Т.е. военные соображения, заставляющие и Зарембу (со стороны конфедератов), и Браницкого (со стороны короля) «отводить» Суворова от соляных промыслов, скрывают постыдную, непроизносимую тайну. Речь, несомненно, шла о сговоре генералов и чиновников короля с конфедератами о разделе грабительских денег с соляных промыслов. Этот сговор не был бы действенным без участия русских военных и чиновников. На каком уровне, мы можем предполагать.
Суворов построил крепкую оборону вокруг Велички, о которую разбивались набеги мятежников. В Бохне он запретил добывать соль и производить бочки, а все запасы соли вывез в Краков. «По недостатку соляного грабежа все здешние возмутители не получали жалованья более месяца и терпят великую нужду», — докладывал он Веймарну. Положение их становилось безвыходным. «Ибо чем возмутительское число здесь больше, тем больше они будут чувствовать голод и жажду, которыми они страждут, по неполучению понедельно жалованья более месяца, и весьма ропщут… Ибо раз они здесь грабежных соляных денег не имеют, то не имеют денег во всей Польше и гиберными и поголовными (поборами) себя содержать не могут».
«Я подлинно известие имею, — писал Суворов, — что возмутители занятием Велички и отнятием у них Бохны, истинно с отчаяния, хотят все товары и вина, которые в Краков из Венгрии и Австрийской Силезии отправляются на тракте, так долго задерживать, пока… город не заплатит двадцать тысяч червонных контрибуции чистыми деньгами. Однако краковские купцы… тех товаров из-за границы вывозить не хотят, о чем писать буду в австрийскую камеру», — т.е. правительству Австрии.

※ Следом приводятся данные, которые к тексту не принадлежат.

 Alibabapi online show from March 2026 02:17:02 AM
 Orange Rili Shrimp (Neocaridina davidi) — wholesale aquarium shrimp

Силами нескольких рот Суворов поставил конфедератам шах и мат. Но в рапортах он всеми аргументами сопротивляется «ложным пениям», цель которых — заставить его снять оборону промыслов. И в заключение угрожает обратиться прямо «полномочному и чрезвычайному в Польше послу, его высокопревосходительству действительному тайному советнику и разных орденов кавалеру господину фон Салдерну».